É inegável que o plano de tornar o Brasil mais igualitário já começa a dar os primeiros passos, ao menos no que diz respeito à erradicação da pobreza na região Norte. No início de agosto passado, um dos grandes momentos da Cúpula da Amazônia, realizada em Belém (PA), foi o lançamento do projeto Florestas Produtivas por parte do Ministério do Desenvolvimento Agrário e Economia Familiar (MDA).

Moisés Savian, à frente da Secretaria de Governança Fundiária, Desenvolvimento Territorial e Socioambiental, filiada ao MDA, dedica-se hoje à tarefa de levantar capital suficiente para dar impulso ao projeto. “Por enquanto, vamos usar o orçamento aprovado para este ano de cerca de R$ 2 milhões — o governo anterior não deixou um centavo em caixa! —, que vai permitir iniciar o trabalho com mil famílias no Pará”, diz ele. “O total a ser ali investido durante os anos de governo Lula está previsto em R$ 9,8 milhões.”

De que se trata o projeto?

A exploração simultânea do plantio de alimentos com a recuperação de florestas em comunidades tradicionais amazônicas. Sim, o programa das Florestas Produtivas aplica em 100% os modelos do Sistema Agroflorestal – e, na fase inicial, pretende cultivar espécies nativas, caso do açaí, cupuaçu, cacau e mandioca. “Um de nossos objetivos é dar assistência continuada às famílias selecionadas e, para tanto, a Embrapa (Empresa Brasileira de Pesquisa Agropecuária) deverá indicar um técnico para solucionar as dúvidas dos agricultores”, adianta Moisés.

À medida que as negociações (com o BNDES e a Petrobras, entre outros) avancem, o Florestas Produtivas poderá ser adotado em todo o país – o Maranhão deverá ser o próximo beneficiado do projeto. Segundo o estudo do Instituto Escolhas, Pará e Maranhão são os estados com índices de pobreza mais elevados na região amazônica.

“Como a atividade do plantio de florestas é altamente intensiva em mão de obra, principalmente nos primeiros três anos de vida, quando os projetos estão se instalando, plantar florestas significa gerar empregos e acabar com a pobreza”, garante Sergio Leitão.

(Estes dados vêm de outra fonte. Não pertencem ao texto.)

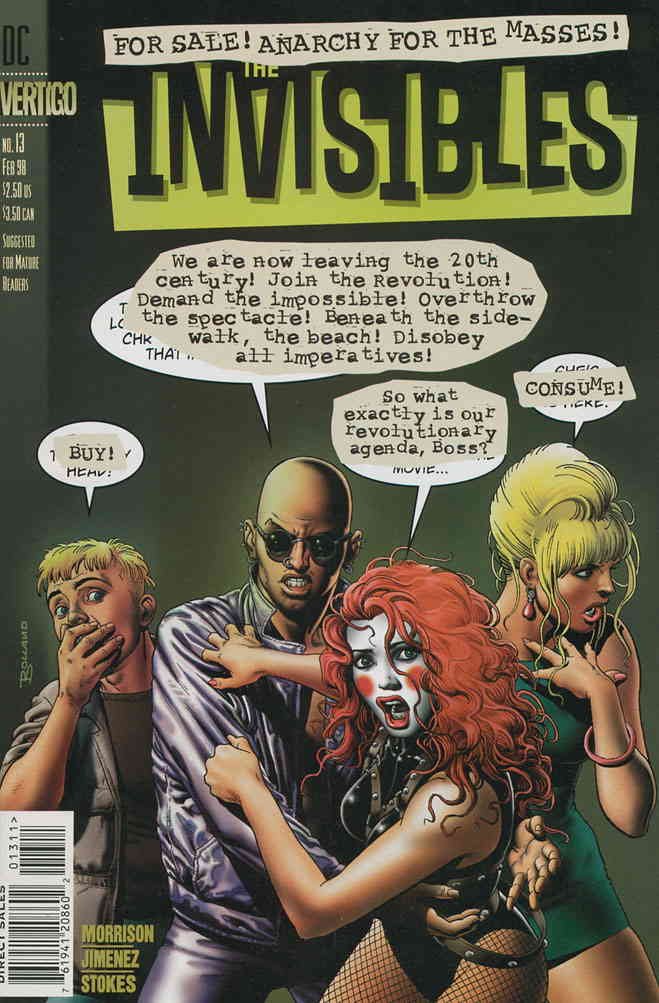 Amazon.com: Invisibles, The (Vol. 2) #13 VF ; DC/Vertigo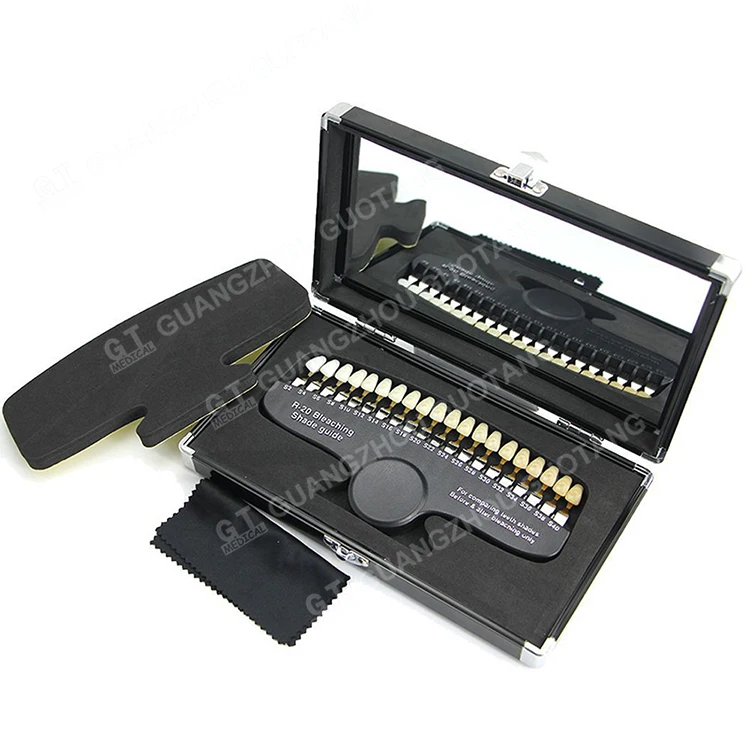 Пластиковый керамический зубной протез R20, цветной, зубной, отбеливающий компаратор, направляющая для отбеливания зубов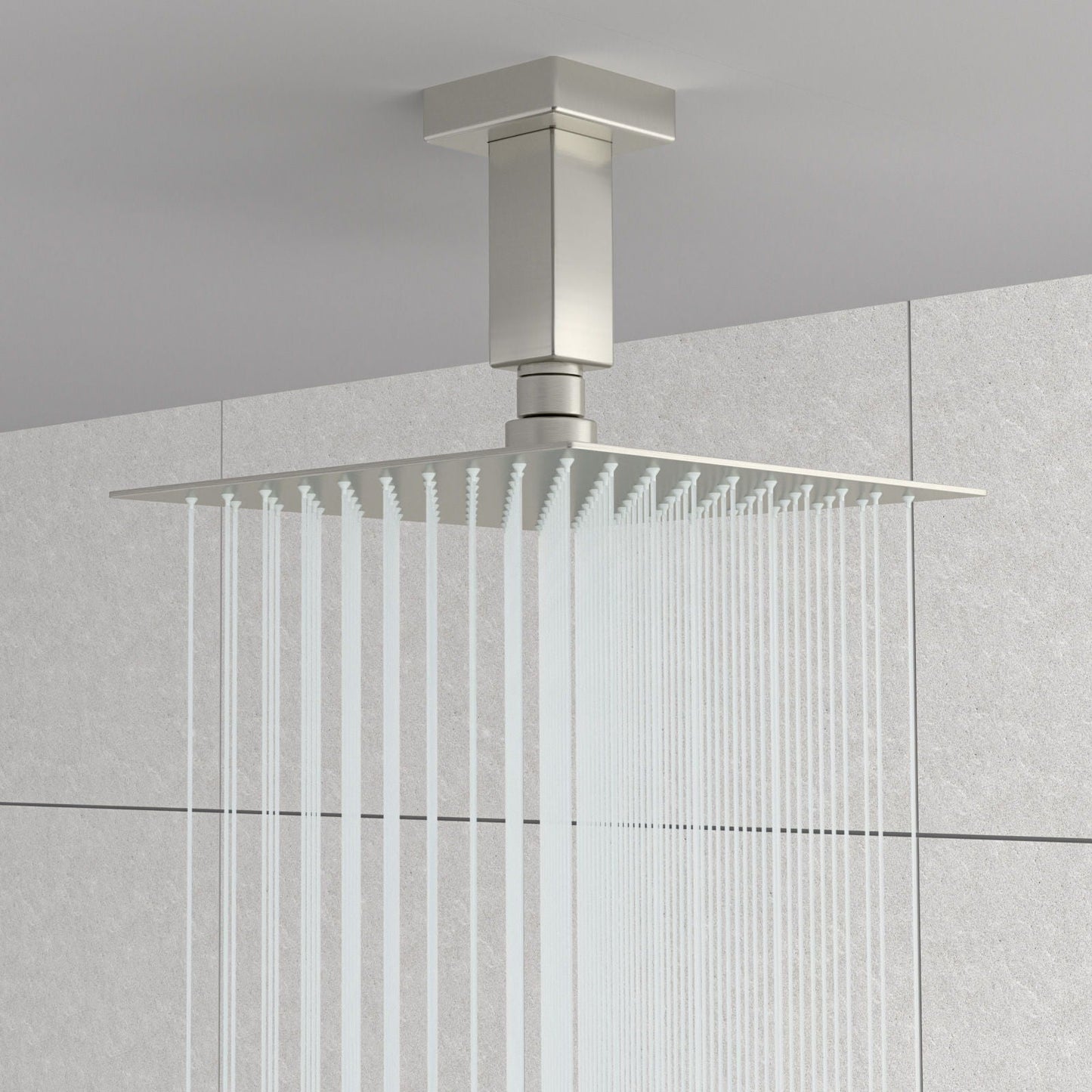 Ceiling Mounted Shower Arm With Flange Stainless Steel
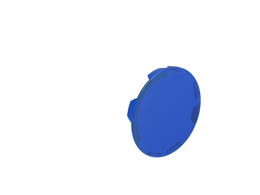 Membrana do przycisków krytych podświetlanych z samoczynnym powrotem, niebieska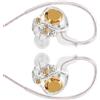 ULIJTH Driver Dinamico 11mm Auricolari In Ear Con Profondamente Bass E Linea Controllo Filo Auricolari Per Smartphone Cuffie Filo Cuffie Bass Ear Staccabile Cavo IEM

A título de exemplo, só no caso do Pará prevê-se a criação de cerca de 1 milhão de postos de trabalho. “O Florestas Produtivas é outro modo de cumprir a meta assumida em Paris”, diz Moisés. Sob uma condição, porém: “Será preciso um esforço conjunto entre governo e sociedade para recuperar floresta e meio ambiente ao mesmo tempo em que o cultivo de alimentos produza riqueza para quem mais precisa.”